Graphical summary of our findings (adapted from Konopka14). Green: weighted average density reflecting functional efficiency. Red: number of paths divided by the number of adjacency matrices, reflecting stability. Grey: trends as proposed earlier by Konopka14.

It might be possible that the behaviour of the weighted average density at higher numbers of nodes (>7 nodes) is different and does not follow the asymptotic trend as depicted in this article. Also, the stability might follow a different trend at higher numbers of nodes. However, we hypothesize that this possible change may be caused by the flipping of an initial ecological state towards an alternative state, which has been proposed before16. Such “tipping” from one state to another has recently also been described for the ecosystem of the human intestinal tract17.

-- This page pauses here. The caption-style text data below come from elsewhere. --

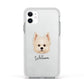 Maltipom Personalised Apple iPhone 11 in White with White Impact Case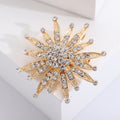 Korean Style Alloy Rhinestone Sunflower Brooch For Women's Clothing view 2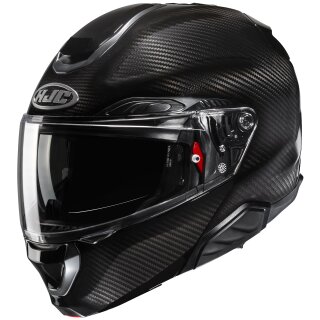HJC RPHA 91 Carbon Solid Black Flip Up Helmet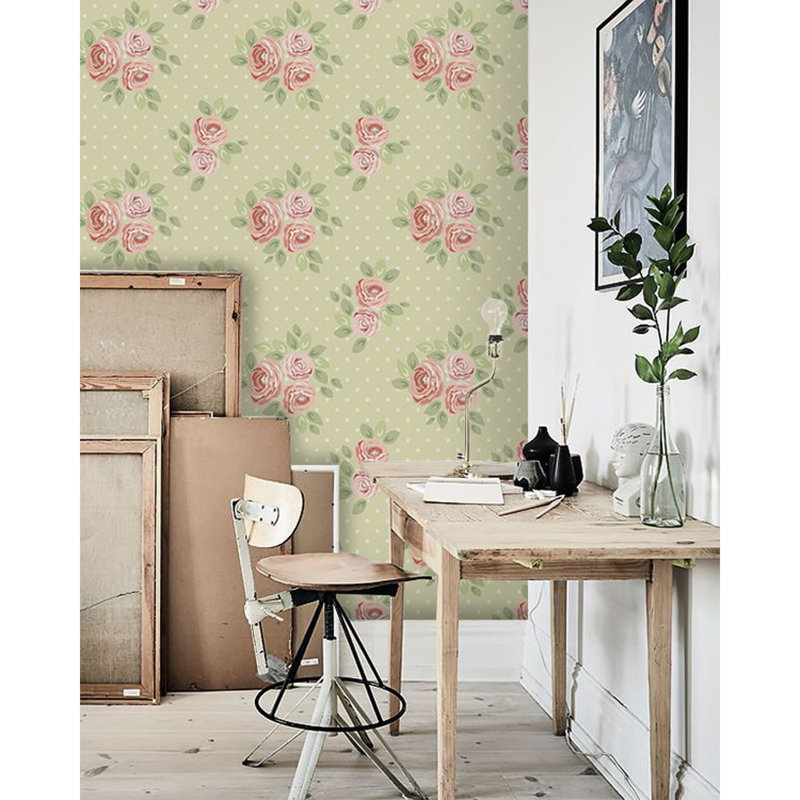 Minoru Matte Mural, Green, 250 x 104cm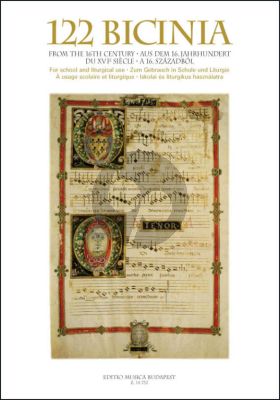 122 Bicinia from the 16th Century Vocal (for school and liturgical use)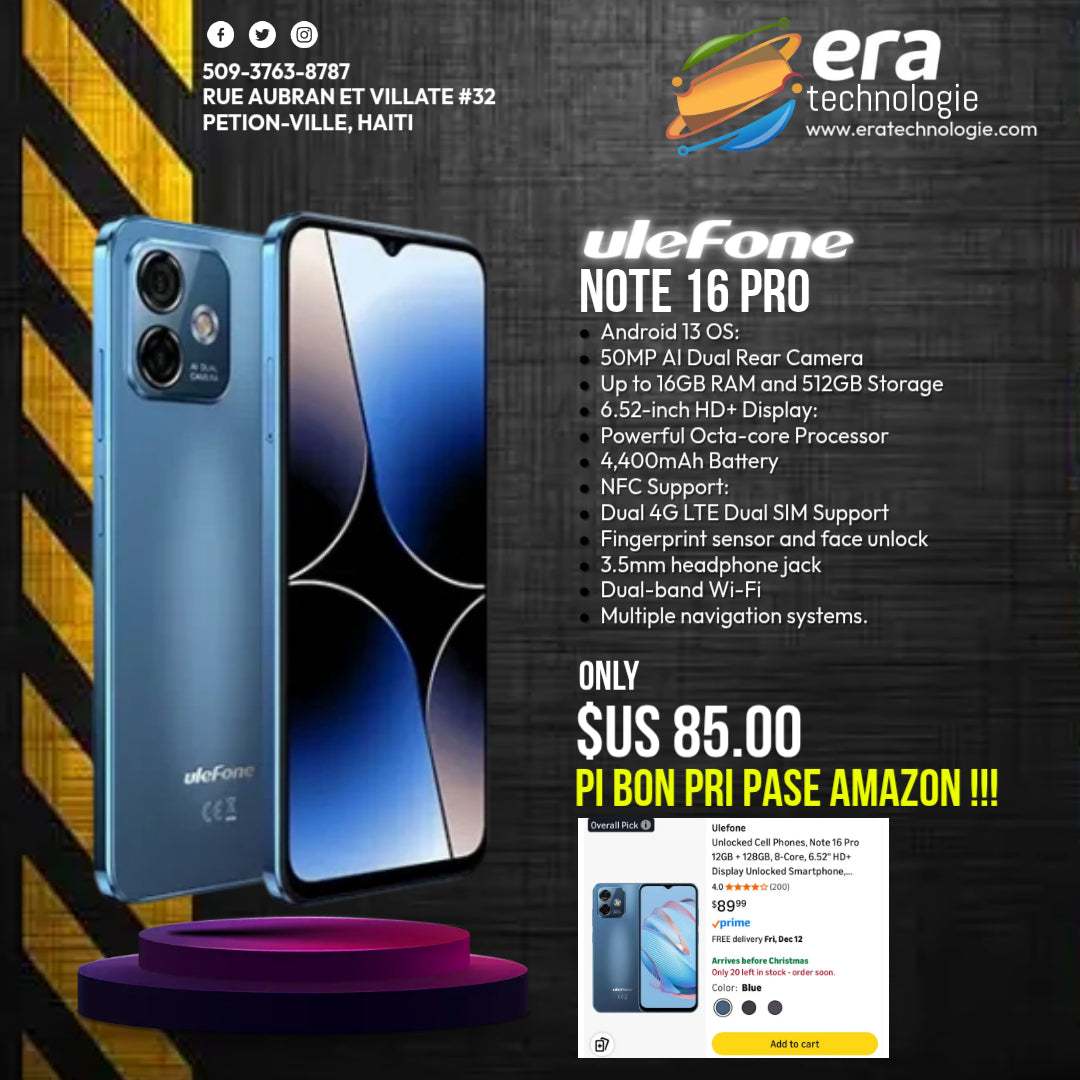 ULEFONE Note 16 Pro 8 + 128GB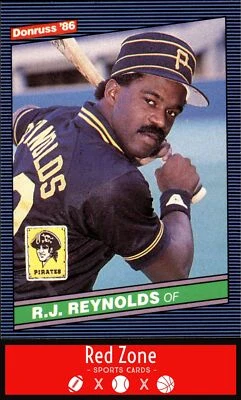 1986 Donruss - #552 R.J. Reynolds NM Set Break. - Image 1 of 2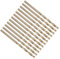 PATIKIL 3.5mm Drill Bit, Jobber Straight Shank M35 Cobalt 5% High-Speed Steel 135° Gold Finish for Stainless Steel Hard Metal - 12 Pack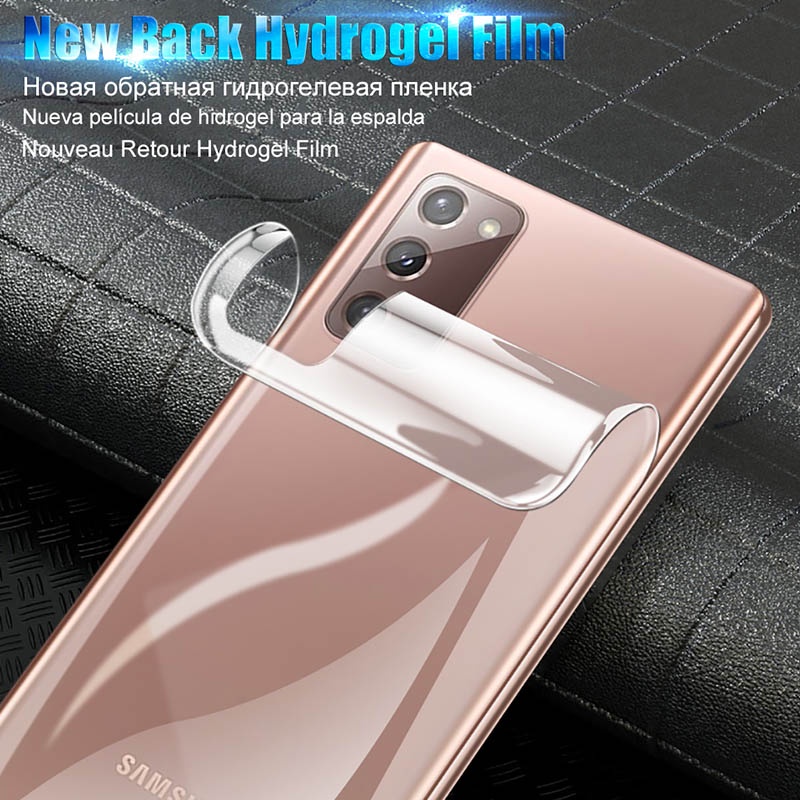 Miếng dán hydrogel mềm bảo vệ mặt trước và sau cho Samsung Note 9 10 20 Ultra S10 S20 S21 Plus Ultra S20 FE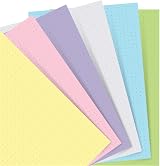 Filofax Personal Pastel Dotted Paper Refill 60 sheets 80gsm 95 x 171mm
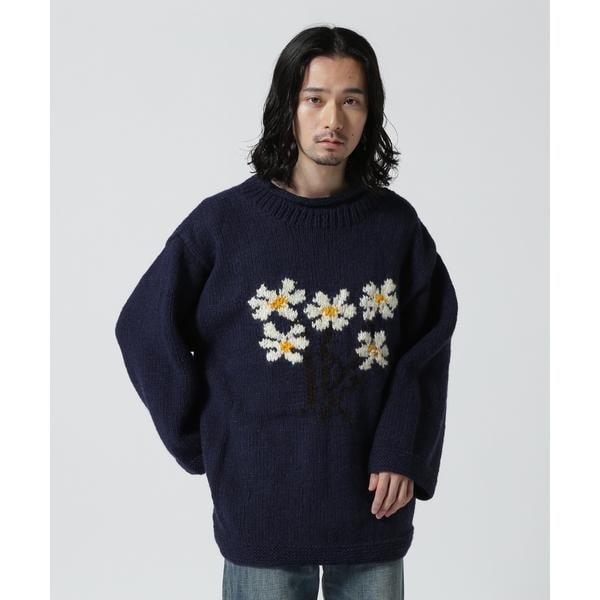 ビーセカンド（B’2nd）/MacMahon Knitting Mills ／ Roll Neck Knit−5 Flower_2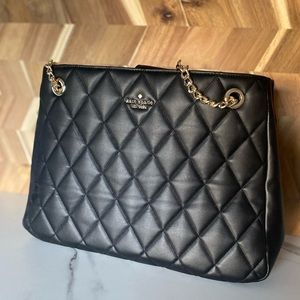 Kate Spade Large Quilted Black Carey Tote New Without Tags KA768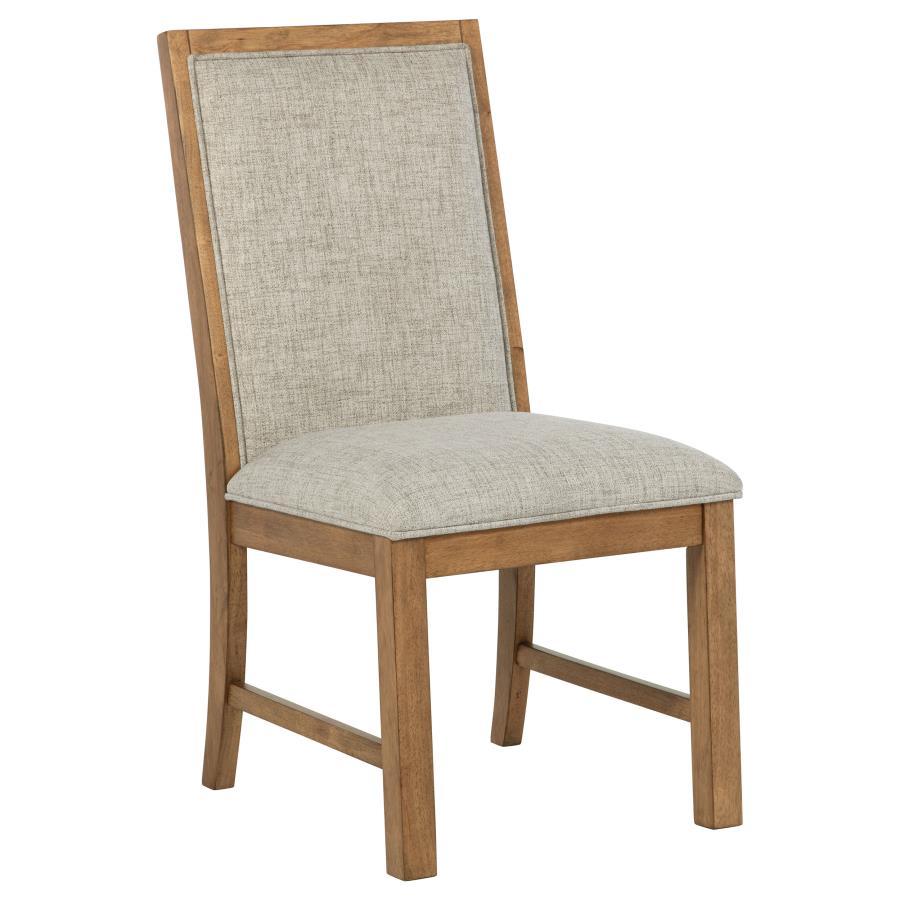 Bruner - Chaise de salle à manger rembourrée (lot de 2) - Marron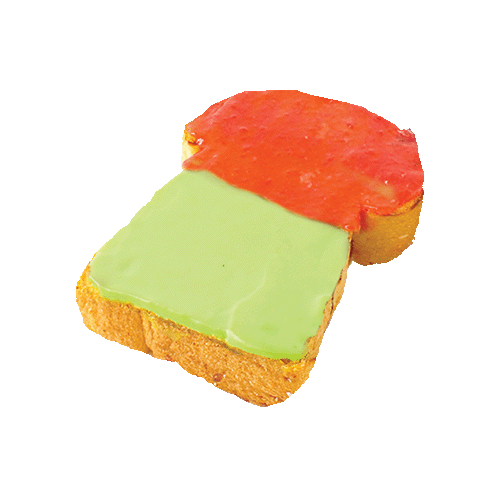 Toast Bread (Strawberry Kaya)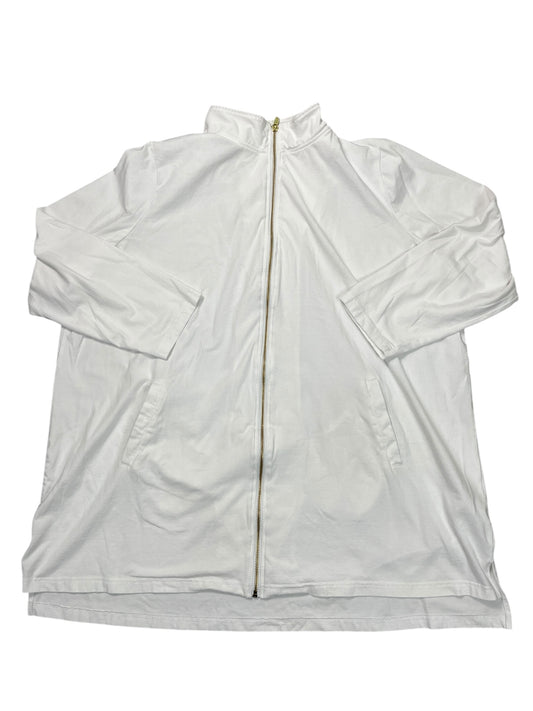 Jacket Other By Jessica London In White, Size:3X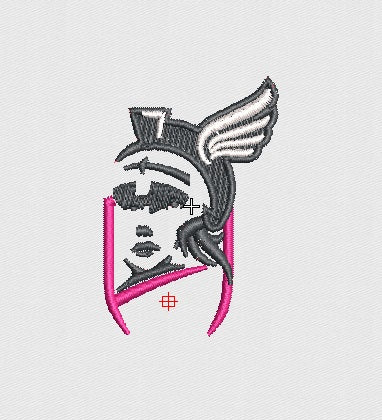 Spartan Embroidery Design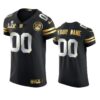 Chiefs Custom Black Super Bowl LV Golden Elite Jersey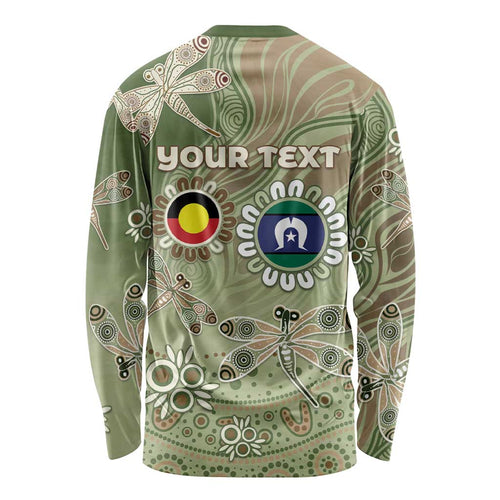 Personalised NAIDOC Week 2026 Long Sleeve Shirt Dragonfly Australian Aboriginal Art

The end-signal of small microbial ecosystems as discussed in this paper can ultimately give rise to large scale community effects7. However, the specific signalling pathways by a single guild will be limited to systems comprising only a small number of species, and will be spatially confined. Experimental evidence of this was reported earlier for the peroxidase activity of lactobacilli to inhibit HIV, which could only be accomplished in an in-vitro model and not in real life, indeed hinting to a spatially confined mode of action18.

In conclusion, we show that we can quantitatively explain essential features of the gut microbiota by applying some basic graph theory. More detailed simulations are needed to predict and explain specific microbiological ecosystems, which seems to be feasible considering the results already obtained with this highly first-principle approach.